__What is being asked__
What is needed is every line from the one holding "Tutte le decorazioni: Herbstdeko: 12" to the last line of the data below, printed exactly and without pictures.

__Information shown__
* * * * * * *

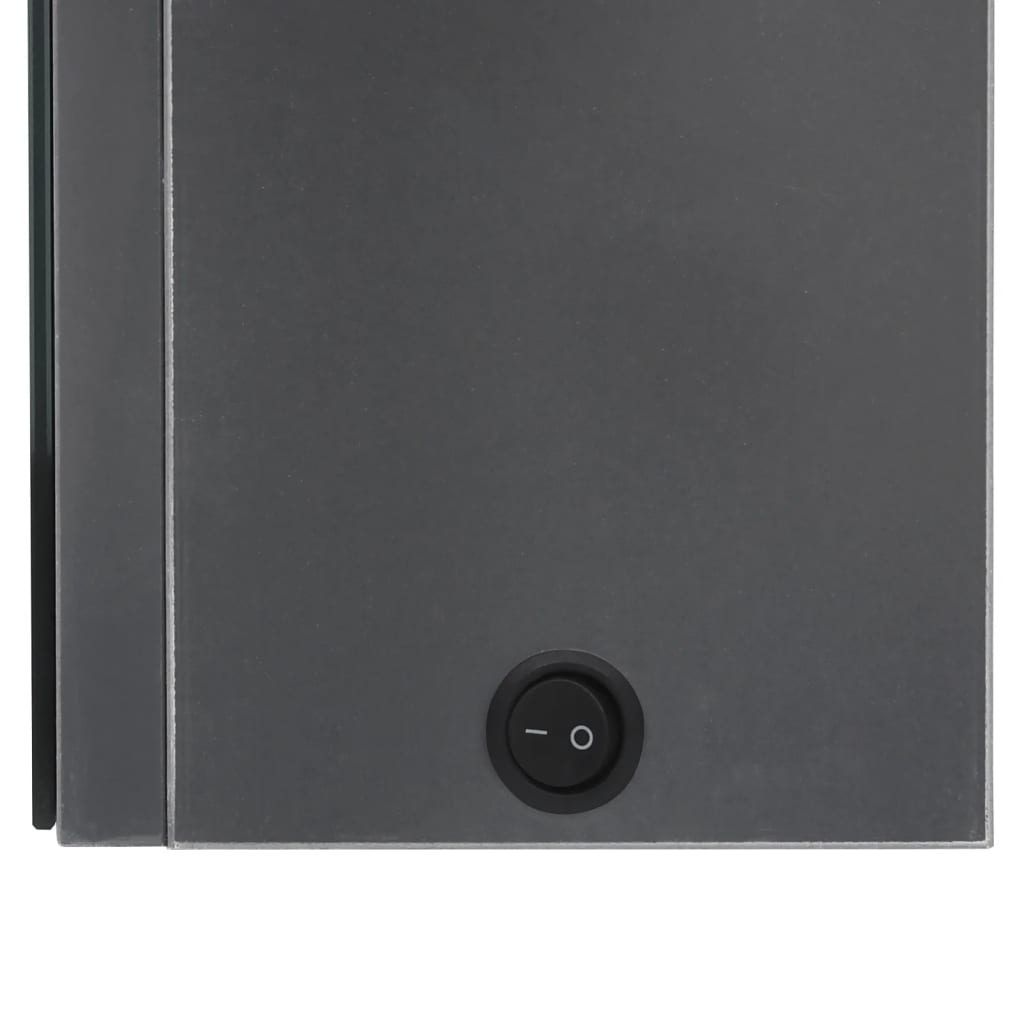 Mueble de baño con espejo LED gris brillante 89x14x62 cm - Vetonek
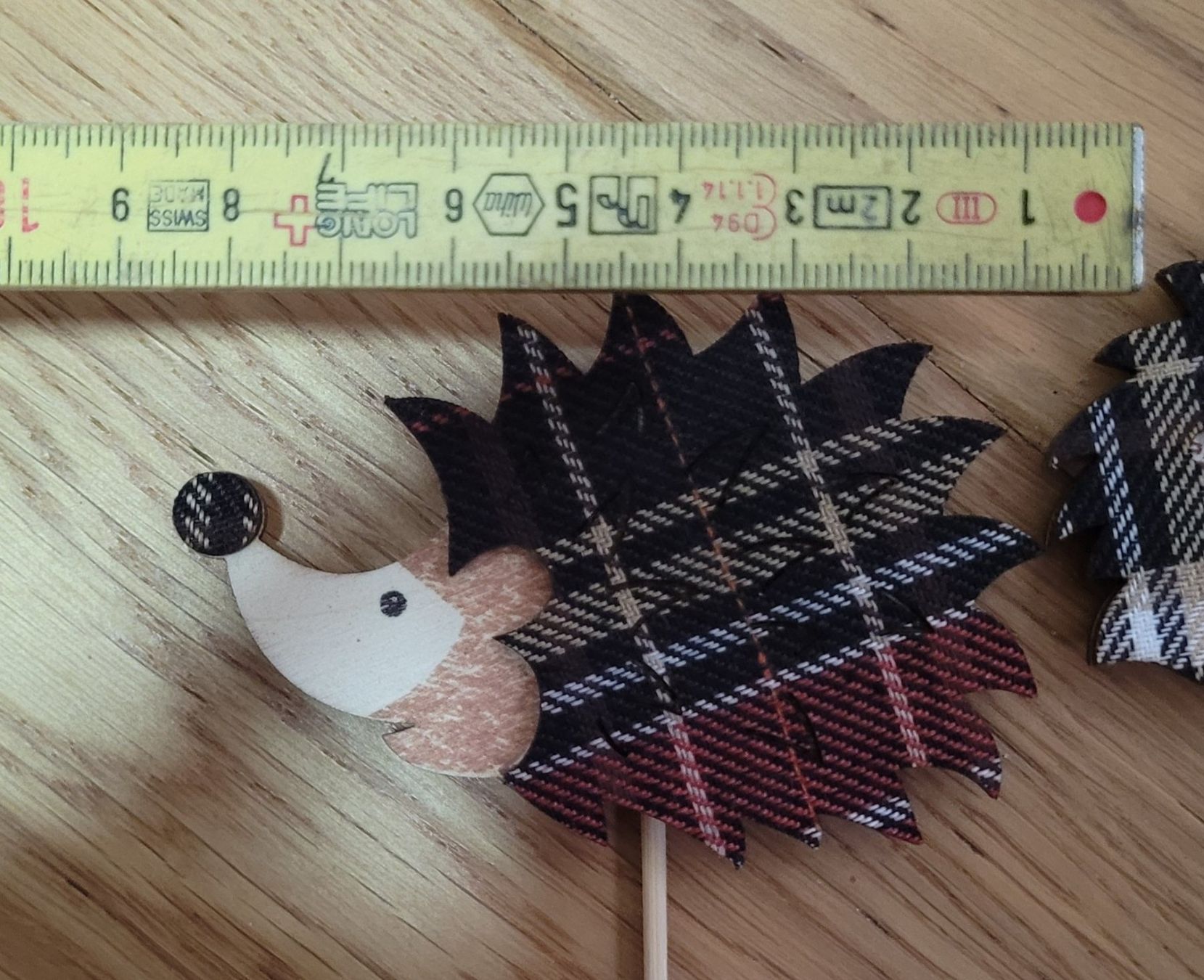 Tutte le decorazioni: Herbstdeko: 12 süsse Igel Deko-Stecker,  Neu! – Nuovo e nell'imballaggio originale da Lupfig venduto da Angel17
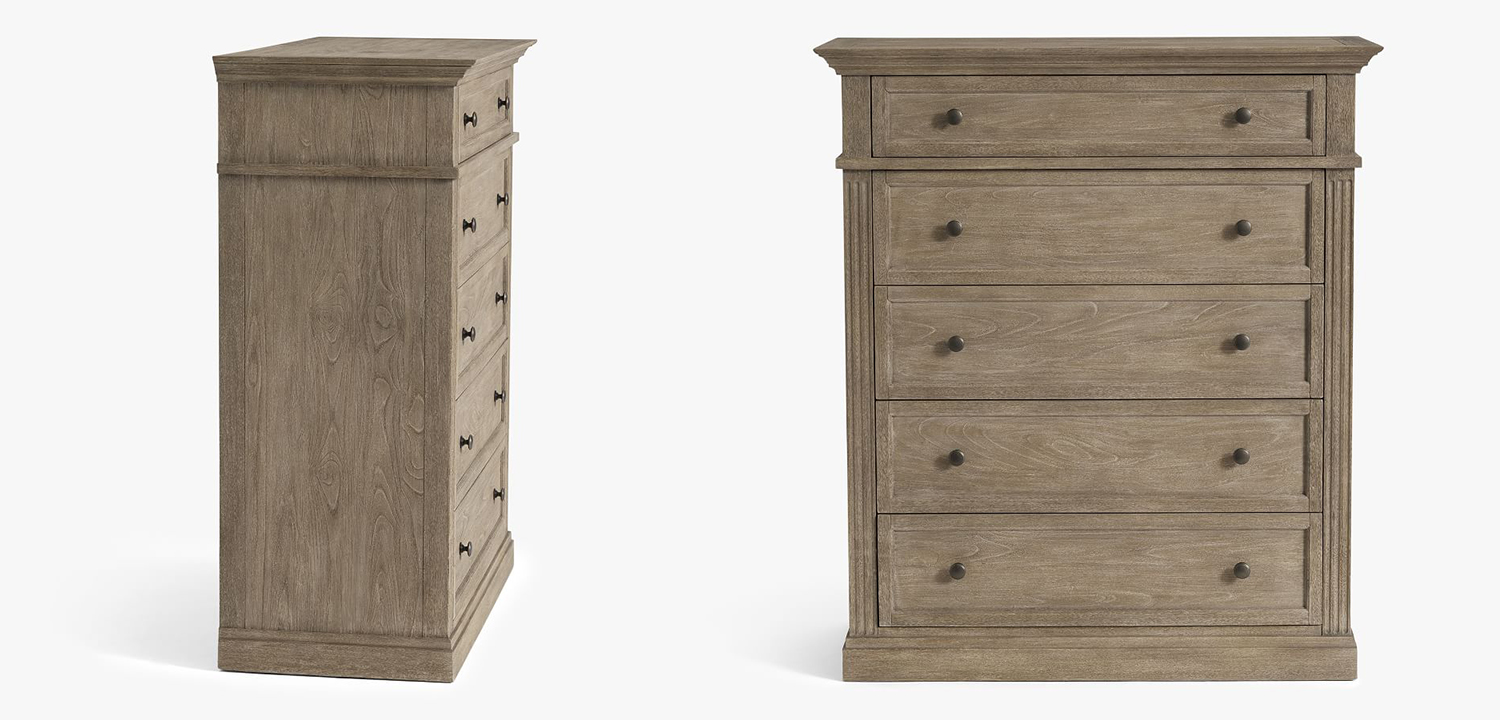 Комод 5 ящиков Benjamin Chest of 5 Drawers - фото №1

* * * * * * *

__Written response__
 Tutte le decorazioni: Herbstdeko: 12 süsse Igel Deko-Stecker,  Neu! – Nuovo e nell'imballaggio originale da Lupfig venduto da Angel17
 Комод 5 ящиков Benjamin Chest of 5 Drawers - фото №1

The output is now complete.